There are many ways to classify systematic, scientific research designs, but the most common approach is to classify them as experimental or observational. Experimental designs are most easily thought of as a standard laboratory experiment. In an experimental design the researcher controls (holds constant) as many variables as possible and then assigns subjects to groups, usually at random. If randomization works (and it will if the sample size is large enough, but technically that means infinite in size), then the two groups are identical. The researcher then manipulates the experimental treatment (independent variable) so that one group is exposed to it and the other is not. The dependent variable is then observed. If the dependent variable is different for the two groups, we can have quite a bit of confidence that the independent variable caused the dependent variable. That is, we have good internal validity. In other words, the conditions that need to be satisfied to demonstrate causality can be met with an experimental design.
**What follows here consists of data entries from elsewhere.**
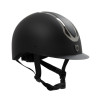 Casco unisex Equestro Azael con rueda trasera con EN 1384-2023 - Negro / gunmetal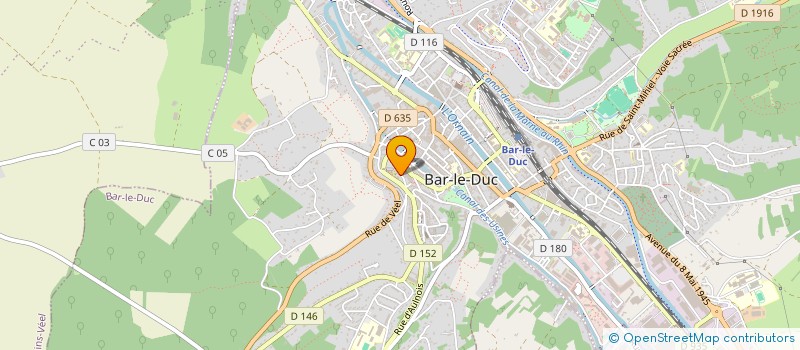 localisation de l'entreprise BRADFER à BAR-LE-DUC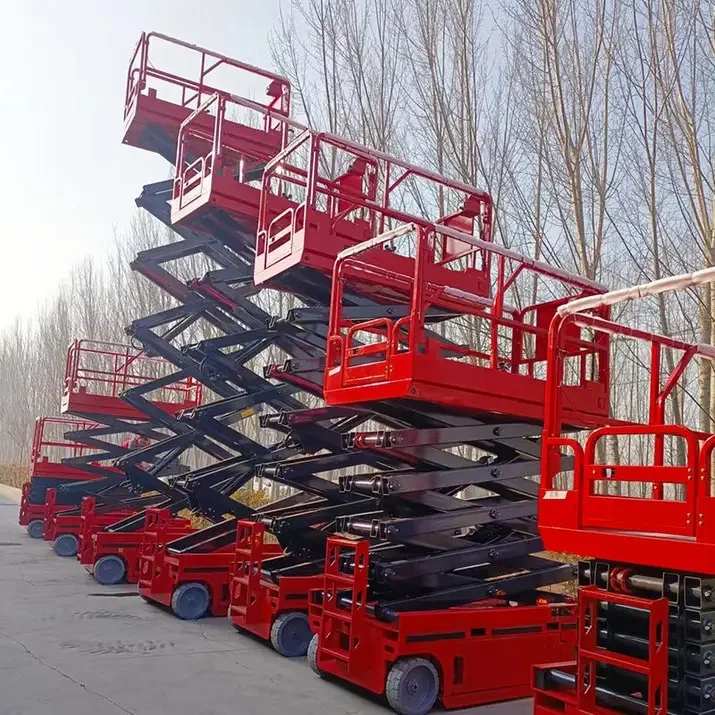 سيزر لفت للايجار بالدمام 8 متر 10 متر 12 متر 14 متر 16 متر | Scissor Lift Dammam — الجبيل، القطيف ⚡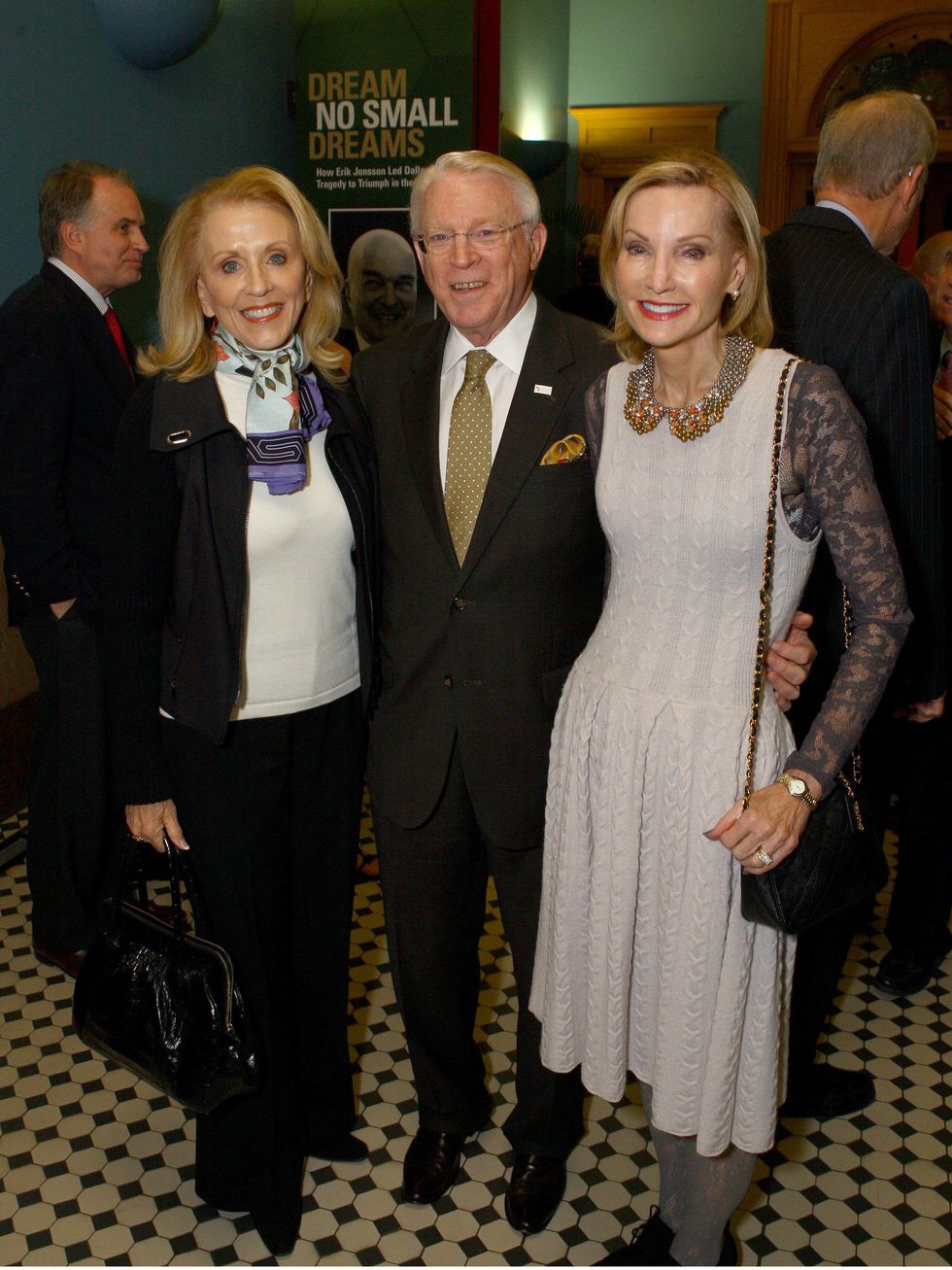 Betty and John Crawford, Nancy Bierman, old red exhibit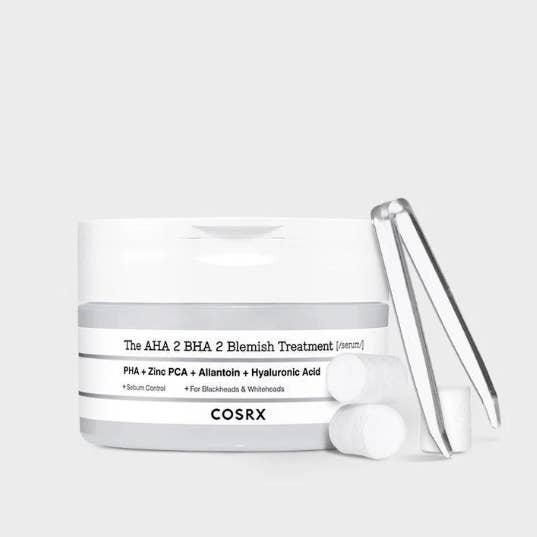 Best Beauty Group - Wholesale Facial Serum/Concentrate - COSRX AHA 2 BHA 2 Blemish Treatment Cotton Balls Serum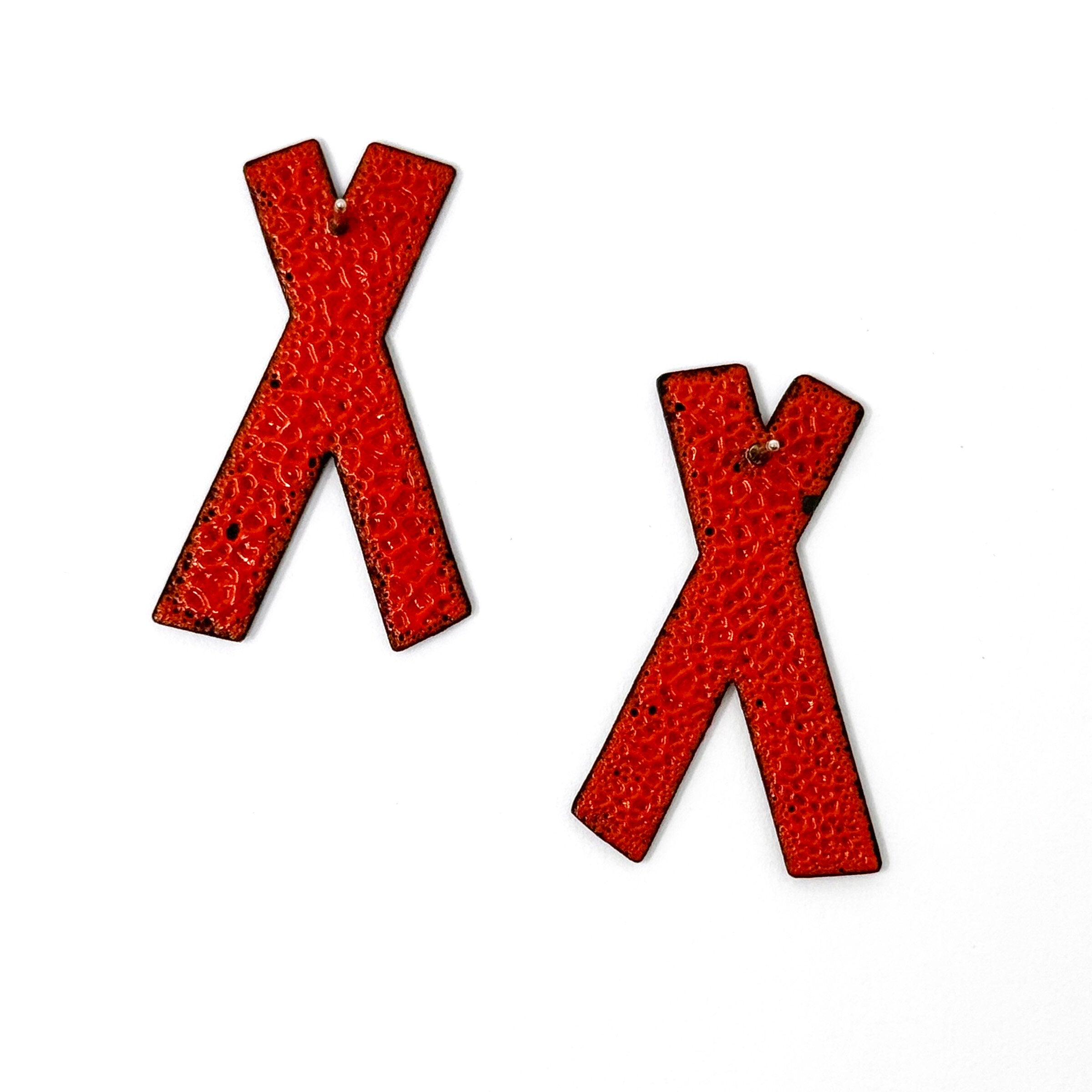 textured red, reverse side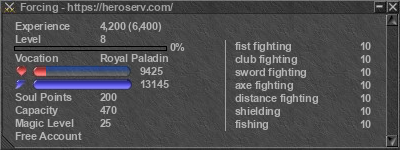 Signature for player Forcing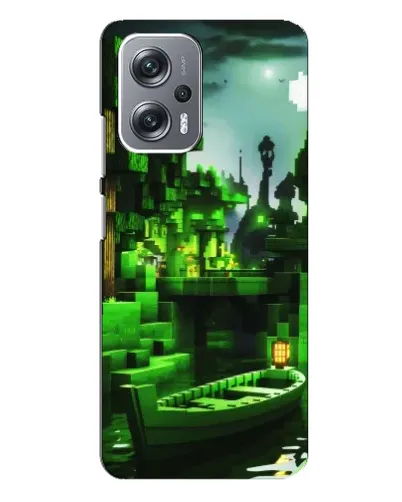 Чехол для Xiaomi Redmi Note 12 Pro (5g) с картинкой «Minecraft лесной пейзаж»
Correlation can be determined, time order is evident, and spuriousness is not a problem—there simply is no alternative explanation.
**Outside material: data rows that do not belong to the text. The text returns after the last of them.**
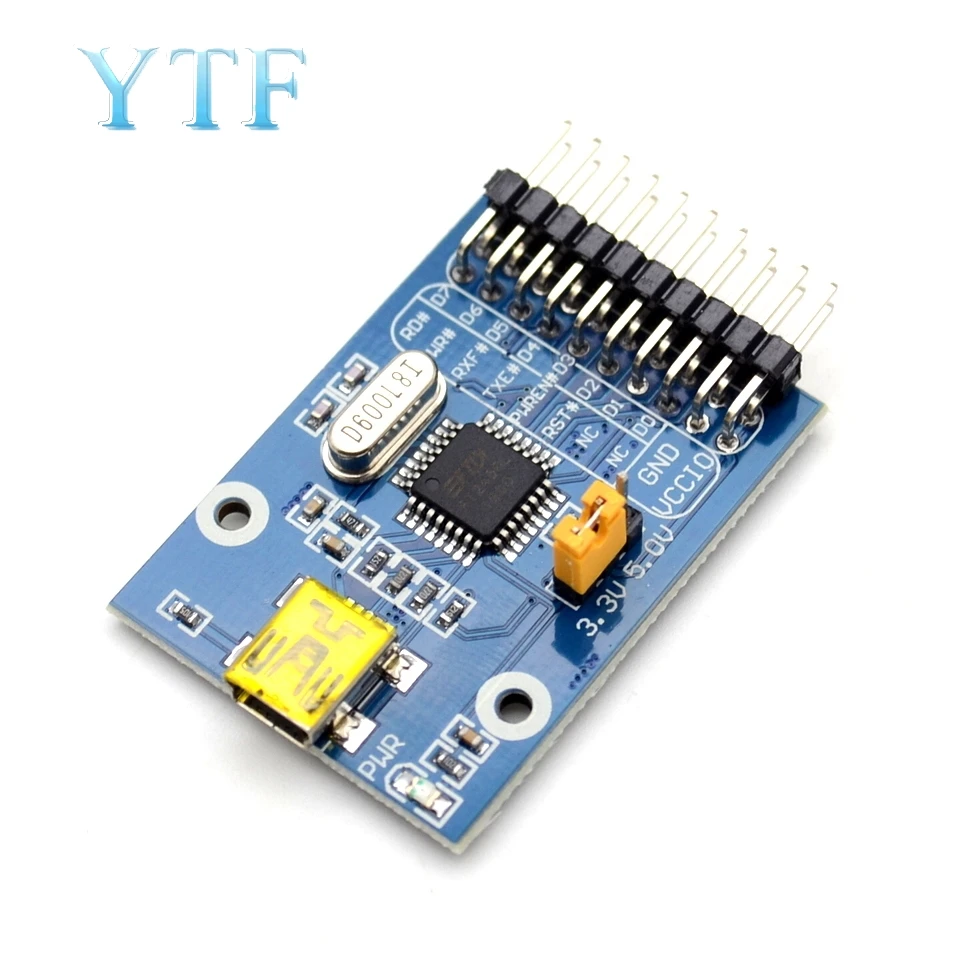 

FT245 USB Module FT245R FT245RL USB Communication Development Board Kit USB TO Parallel FIFO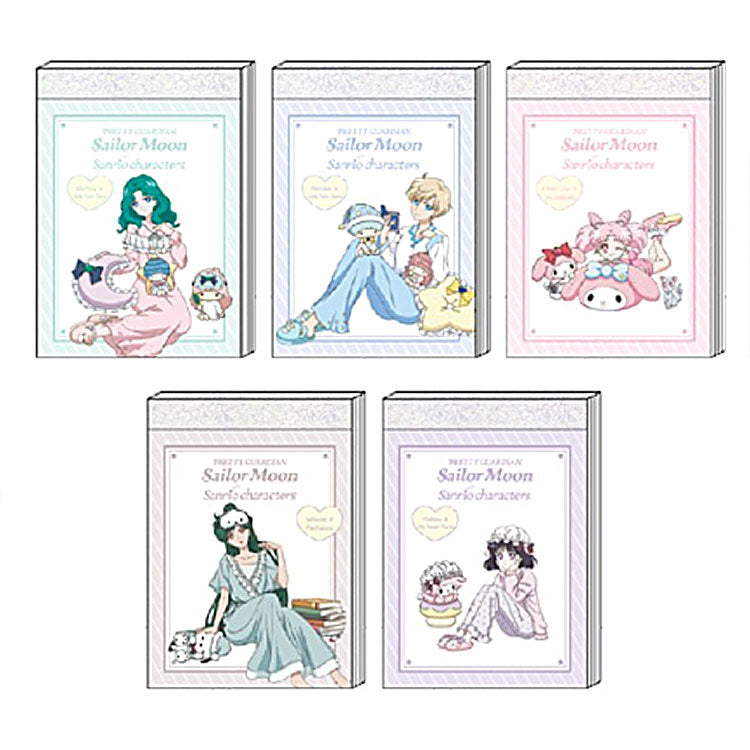 Sailor Moon x Sanrio Characters Memo Mini Set B 720302 My Melo My Sweet Piano Little Twin Stars Kikirara Pochakko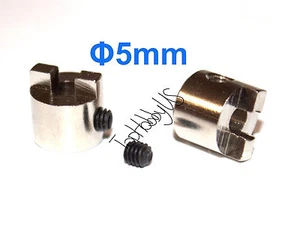 2PCS RC Barco Metal Propeller Drive Dog para eje de 5 mm (US VENDEDOR / BARCO) - Imagen 1 de 1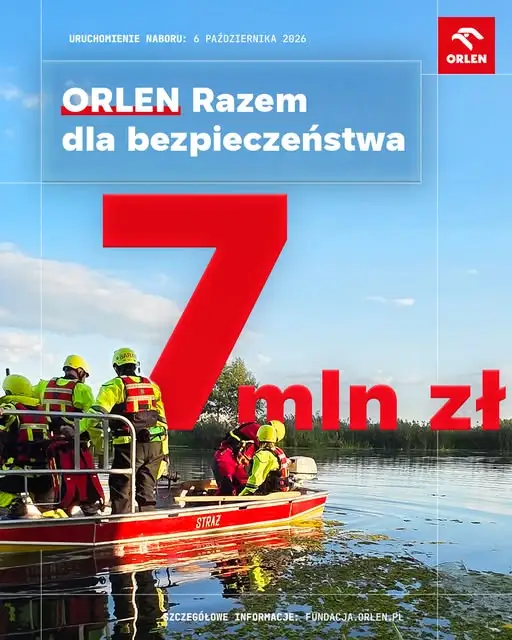 Program grantowy ORLEN „Razem dla bezpieczeństwa” – nawet 50 tys. zł dla OSP i organizacji ratowniczych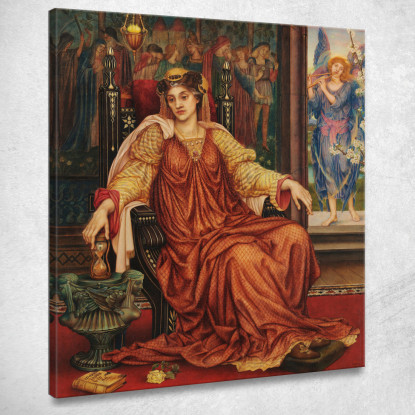 La Clessidra Evelyn De Morgan emg42 quadro stampato su tela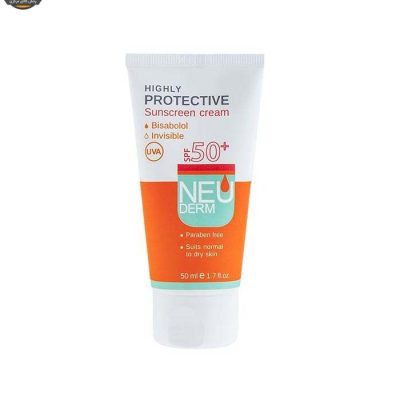 کرم ضد آفتاب نئودرم مدل Highly Protective Invisible SPF50 حجم 50 میلی لیتر | فروشگاه اینترنتی پخش کالای مرکزی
Unfortunately, in the social sciences, the artificiality of the experimental setting often creates suspect external validity. We may want to know the effects of a news story on views towards climate change so we conduct an experiment where participants are brought into a lab setting and some (randomly selected) see the story and others watch a video clip with a cute kitten. If the experiment is conducted appropriately, we can determine the consequences of being exposed to the story. But, can we extrapolate from that study and have confidence that the same consequences would be found in a natural setting, e.g., in one’s living room with kids running around and a cold beverage in your hand? Maybe not. A good researcher will do things that minimize the artificiality of the setting, but external validity will often remain suspect.
Observational designs tend to have the opposite strengths and weaknesses. In an observational design, the researcher cannot control who is exposed to the experimental treatment; therefore, there is no random assignment and there is no control. Does smoking cause heart disease? A researcher might approach that research question by collecting detailed medical and lifestyle histories of a group of subjects. If there is a correlation between those who smoke and heart disease, can we conclude a causal relationship? Generally, the answer to that question is no, because any other difference between the two groups is an alternative explanation (meaning that the relationship might be spurious). For better or worse, though, there are fewer threats to external validity (see below for more detail) because of the natural research setting.
A specific type of observational design, the natural experiment, requires mention because they are increasingly used to great value. In a natural experiment, subjects are exposed to different environmental conditions that are outside the control of the researcher, but the process governing exposure to the different conditions arguably resembles random assignment. Weather, for example, is an environmental condition that arguably mimics random assignment. For example, imagine a natural experiment where one part of New York City gets a lot of snow on election day, whereas another part gets almost no snow. Researchers do not control the weather but might argue that patterns of snowfall are basically random, or, at the very least, exogenous to voting behavior. If you buy this argument, then you might use this as a natural experiment to estimate the impact of weather conditions on voter turnout. Because the experiment takes place in a natural setting, external validity is less of a problem. But, since we do not have control over all events, we may still have internal validity questions.